Une politique européenne vis-à-vis de laquelle Michel Manoury exprime une certaine amertume, responsable selon lui de la situation des éleveurs français:
« Elle nous a complètement oublié nous autres les producteurs de viande, […] on avait tout un historique d'aides qui soutenaient le prix de la viande qu'a été enlevé et rien n'a été préparé derrière pour nous permettre de faire face. En plus on a pu faire augmenter la viande auprès de la distribution ou des abatteurs puisqu'on est aussi sur un pouvoir d'achat en berne en France ».
Cette idée de mettre en place une aide humanitaire en nature avec leurs surplus de production avait déjà été lancée par les éleveurs début octobre, à l'occasion du Sommet de l'élevage en Auvergne. Une proposition relayée par Interbev, à laquelle Phil Hogan — Commissaire européen à l'agriculture et au développement rural — aurait adressé une fin de non-recevoir selon un professionnel de la filière, relate le Figaro.

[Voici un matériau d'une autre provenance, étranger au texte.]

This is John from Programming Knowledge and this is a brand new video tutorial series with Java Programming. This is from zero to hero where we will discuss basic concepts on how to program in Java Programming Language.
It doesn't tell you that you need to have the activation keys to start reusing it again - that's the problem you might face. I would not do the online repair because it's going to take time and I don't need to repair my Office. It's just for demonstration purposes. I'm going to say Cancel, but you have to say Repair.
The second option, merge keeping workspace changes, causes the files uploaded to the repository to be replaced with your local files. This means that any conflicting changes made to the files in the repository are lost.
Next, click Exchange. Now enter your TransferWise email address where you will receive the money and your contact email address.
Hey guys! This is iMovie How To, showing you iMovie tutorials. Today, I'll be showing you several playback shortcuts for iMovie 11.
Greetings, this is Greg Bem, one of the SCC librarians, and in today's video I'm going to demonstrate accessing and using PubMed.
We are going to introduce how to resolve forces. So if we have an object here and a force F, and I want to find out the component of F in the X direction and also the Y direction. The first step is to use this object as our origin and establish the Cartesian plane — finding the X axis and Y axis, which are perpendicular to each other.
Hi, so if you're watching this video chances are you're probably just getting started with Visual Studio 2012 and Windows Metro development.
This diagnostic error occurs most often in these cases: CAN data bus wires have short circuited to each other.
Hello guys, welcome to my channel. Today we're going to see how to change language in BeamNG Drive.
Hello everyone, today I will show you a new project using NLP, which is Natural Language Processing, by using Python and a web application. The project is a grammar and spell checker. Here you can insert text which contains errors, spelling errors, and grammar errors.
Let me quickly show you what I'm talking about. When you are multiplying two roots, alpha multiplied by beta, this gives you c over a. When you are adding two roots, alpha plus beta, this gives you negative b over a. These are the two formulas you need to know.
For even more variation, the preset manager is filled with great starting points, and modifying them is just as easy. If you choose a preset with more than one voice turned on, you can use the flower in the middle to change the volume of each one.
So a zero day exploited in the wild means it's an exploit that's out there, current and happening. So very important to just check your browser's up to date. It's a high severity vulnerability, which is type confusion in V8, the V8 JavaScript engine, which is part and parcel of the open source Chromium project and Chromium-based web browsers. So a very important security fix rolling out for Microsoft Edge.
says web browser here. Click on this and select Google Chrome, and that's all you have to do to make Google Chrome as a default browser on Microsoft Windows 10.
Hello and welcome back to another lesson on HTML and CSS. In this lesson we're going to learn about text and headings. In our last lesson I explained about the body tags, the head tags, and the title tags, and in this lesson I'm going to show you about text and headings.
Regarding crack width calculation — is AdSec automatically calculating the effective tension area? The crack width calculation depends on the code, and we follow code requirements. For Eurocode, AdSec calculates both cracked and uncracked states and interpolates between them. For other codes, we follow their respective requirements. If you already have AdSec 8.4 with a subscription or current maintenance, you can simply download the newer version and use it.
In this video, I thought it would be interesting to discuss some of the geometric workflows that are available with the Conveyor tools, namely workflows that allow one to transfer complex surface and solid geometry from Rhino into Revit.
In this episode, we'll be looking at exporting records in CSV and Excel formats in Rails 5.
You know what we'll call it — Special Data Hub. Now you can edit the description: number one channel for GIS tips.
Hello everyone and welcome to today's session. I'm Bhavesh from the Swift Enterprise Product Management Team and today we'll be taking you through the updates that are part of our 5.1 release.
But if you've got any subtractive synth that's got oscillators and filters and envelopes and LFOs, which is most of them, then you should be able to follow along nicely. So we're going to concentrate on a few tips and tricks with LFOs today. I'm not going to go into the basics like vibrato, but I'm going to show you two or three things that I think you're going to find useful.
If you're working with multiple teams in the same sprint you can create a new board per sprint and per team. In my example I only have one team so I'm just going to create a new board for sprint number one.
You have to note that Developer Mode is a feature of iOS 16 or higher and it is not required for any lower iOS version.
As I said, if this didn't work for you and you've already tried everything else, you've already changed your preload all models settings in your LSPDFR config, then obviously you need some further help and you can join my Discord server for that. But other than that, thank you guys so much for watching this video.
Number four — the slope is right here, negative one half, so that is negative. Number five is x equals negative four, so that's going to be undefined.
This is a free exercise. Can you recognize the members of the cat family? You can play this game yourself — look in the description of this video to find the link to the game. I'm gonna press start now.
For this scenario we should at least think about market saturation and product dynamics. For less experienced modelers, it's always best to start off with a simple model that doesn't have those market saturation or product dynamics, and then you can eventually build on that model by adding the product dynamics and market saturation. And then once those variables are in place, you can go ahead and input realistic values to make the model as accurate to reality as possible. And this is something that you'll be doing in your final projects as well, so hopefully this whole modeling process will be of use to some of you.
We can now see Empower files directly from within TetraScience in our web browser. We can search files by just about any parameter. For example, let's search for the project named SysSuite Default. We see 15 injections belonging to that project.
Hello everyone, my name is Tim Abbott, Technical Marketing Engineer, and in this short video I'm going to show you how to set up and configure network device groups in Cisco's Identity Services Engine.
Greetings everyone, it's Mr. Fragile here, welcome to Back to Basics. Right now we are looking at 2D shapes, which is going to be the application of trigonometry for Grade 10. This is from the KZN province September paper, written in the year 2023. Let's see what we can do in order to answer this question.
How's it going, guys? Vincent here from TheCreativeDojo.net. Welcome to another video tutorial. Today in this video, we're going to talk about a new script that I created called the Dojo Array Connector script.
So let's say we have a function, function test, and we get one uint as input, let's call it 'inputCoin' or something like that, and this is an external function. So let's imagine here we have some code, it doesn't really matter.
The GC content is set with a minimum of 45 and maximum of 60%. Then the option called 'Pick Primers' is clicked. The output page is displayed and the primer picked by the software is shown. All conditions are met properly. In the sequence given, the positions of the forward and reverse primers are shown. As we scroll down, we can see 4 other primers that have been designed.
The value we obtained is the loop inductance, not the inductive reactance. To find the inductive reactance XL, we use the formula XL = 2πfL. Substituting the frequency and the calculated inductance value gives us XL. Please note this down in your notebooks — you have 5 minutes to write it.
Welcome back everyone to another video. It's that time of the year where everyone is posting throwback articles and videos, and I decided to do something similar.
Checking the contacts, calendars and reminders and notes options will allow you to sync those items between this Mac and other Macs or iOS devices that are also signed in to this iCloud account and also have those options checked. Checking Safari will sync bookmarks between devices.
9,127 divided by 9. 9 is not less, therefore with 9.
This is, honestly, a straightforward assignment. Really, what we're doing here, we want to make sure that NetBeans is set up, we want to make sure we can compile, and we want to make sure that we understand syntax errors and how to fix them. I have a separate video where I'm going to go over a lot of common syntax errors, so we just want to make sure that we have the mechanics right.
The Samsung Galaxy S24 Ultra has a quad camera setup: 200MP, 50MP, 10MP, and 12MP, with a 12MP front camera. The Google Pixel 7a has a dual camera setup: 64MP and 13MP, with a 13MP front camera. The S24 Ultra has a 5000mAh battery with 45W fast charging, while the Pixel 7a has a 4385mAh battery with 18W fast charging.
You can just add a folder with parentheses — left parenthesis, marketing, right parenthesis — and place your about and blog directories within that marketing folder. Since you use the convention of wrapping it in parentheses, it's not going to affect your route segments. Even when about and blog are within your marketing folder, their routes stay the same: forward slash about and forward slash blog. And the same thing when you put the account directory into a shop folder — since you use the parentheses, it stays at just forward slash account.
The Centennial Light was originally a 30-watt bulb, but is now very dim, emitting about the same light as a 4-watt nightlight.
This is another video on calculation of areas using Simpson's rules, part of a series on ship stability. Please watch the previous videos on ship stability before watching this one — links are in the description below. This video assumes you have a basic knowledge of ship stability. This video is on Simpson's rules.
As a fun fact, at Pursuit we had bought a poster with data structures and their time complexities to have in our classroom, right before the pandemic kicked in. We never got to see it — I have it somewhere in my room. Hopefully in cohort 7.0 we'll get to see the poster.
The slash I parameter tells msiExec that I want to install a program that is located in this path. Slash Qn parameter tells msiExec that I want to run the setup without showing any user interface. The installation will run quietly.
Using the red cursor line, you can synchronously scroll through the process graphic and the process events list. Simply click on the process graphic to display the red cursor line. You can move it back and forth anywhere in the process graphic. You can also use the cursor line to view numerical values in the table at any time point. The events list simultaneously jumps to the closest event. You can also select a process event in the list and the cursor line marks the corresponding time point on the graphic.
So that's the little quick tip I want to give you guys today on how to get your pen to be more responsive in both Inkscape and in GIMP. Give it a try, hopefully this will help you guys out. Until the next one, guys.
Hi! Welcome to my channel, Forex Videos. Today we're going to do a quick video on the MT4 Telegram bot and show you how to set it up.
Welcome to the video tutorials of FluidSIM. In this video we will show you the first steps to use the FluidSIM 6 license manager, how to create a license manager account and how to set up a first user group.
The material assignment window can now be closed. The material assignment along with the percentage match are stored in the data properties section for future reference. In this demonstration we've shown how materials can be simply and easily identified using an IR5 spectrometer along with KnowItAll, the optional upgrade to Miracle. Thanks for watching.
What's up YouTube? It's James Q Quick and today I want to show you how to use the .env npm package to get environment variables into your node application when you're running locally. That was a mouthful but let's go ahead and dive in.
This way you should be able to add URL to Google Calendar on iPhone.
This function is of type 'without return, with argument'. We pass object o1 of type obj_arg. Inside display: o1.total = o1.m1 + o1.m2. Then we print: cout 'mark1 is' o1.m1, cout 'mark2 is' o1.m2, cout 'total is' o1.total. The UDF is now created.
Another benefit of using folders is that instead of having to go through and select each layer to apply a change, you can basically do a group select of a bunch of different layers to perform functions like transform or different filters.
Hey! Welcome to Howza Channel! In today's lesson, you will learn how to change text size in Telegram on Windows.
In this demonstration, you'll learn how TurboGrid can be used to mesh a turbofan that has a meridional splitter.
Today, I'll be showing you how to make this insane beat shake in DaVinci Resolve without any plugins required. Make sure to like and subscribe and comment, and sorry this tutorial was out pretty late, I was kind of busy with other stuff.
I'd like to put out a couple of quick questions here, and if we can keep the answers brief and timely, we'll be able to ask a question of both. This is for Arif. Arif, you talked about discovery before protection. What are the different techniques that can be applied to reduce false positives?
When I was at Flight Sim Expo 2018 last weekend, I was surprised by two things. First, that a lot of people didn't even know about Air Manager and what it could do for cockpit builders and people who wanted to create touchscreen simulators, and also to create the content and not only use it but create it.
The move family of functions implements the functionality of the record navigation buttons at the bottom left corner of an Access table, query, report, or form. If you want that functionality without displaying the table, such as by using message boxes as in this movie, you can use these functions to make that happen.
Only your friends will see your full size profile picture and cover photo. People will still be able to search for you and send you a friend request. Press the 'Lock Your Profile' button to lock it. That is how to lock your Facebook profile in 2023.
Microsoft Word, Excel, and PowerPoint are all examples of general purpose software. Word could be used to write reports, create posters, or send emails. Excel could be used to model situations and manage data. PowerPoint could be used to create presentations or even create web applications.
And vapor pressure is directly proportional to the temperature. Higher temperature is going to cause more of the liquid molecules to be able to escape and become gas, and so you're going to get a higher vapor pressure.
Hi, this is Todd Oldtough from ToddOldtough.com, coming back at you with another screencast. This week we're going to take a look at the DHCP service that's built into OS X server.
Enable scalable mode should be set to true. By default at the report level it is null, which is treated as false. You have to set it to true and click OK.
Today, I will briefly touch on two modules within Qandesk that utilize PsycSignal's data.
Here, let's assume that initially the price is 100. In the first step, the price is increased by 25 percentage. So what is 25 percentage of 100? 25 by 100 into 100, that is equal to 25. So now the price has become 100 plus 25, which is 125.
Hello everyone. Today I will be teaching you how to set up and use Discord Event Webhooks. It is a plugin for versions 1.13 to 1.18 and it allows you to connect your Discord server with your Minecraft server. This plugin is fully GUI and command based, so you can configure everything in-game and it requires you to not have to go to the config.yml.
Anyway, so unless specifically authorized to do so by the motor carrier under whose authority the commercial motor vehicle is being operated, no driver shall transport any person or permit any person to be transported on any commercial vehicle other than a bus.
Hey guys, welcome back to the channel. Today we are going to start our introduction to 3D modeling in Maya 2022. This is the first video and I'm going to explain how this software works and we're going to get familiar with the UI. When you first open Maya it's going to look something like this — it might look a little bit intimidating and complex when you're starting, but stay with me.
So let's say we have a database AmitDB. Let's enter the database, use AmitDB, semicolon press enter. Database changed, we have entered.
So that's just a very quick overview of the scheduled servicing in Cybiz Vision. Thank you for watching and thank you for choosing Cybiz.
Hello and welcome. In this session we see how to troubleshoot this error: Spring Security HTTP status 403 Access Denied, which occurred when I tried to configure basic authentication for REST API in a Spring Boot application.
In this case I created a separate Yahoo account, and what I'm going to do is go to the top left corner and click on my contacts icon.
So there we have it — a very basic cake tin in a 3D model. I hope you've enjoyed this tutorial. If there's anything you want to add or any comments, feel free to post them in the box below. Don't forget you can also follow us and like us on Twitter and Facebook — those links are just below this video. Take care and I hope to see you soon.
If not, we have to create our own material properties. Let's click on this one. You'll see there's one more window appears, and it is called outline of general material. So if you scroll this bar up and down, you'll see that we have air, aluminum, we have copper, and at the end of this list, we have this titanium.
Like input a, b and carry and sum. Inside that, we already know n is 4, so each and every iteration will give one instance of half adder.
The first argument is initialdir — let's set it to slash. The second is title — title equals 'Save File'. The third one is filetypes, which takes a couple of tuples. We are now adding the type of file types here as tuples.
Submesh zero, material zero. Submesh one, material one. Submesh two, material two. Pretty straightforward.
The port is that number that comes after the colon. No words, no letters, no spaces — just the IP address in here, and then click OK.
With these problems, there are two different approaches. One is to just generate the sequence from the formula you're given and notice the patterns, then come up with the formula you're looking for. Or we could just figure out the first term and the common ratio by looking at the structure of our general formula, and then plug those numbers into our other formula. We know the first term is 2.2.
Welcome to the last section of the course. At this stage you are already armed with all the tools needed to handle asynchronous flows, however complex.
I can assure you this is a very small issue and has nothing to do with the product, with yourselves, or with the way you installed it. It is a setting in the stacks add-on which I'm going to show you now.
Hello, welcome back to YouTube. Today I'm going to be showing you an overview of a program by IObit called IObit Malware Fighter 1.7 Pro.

Dans un rapport de l'AITEC, Attac France, la Confédération Paysanne, la Fondation Nicolas Hulot pour la nature et l'homme et Les Amis de la Terre, le « CETA », que le gouvernement français souhaite une application « provisoire » dès cet hiver, comme un « coup de massue supplémentaire » pour les éleveurs, via notamment le démantèlement des droits de douane dans les secteurs bovin et porcin et l'augmentation des importations autorisées.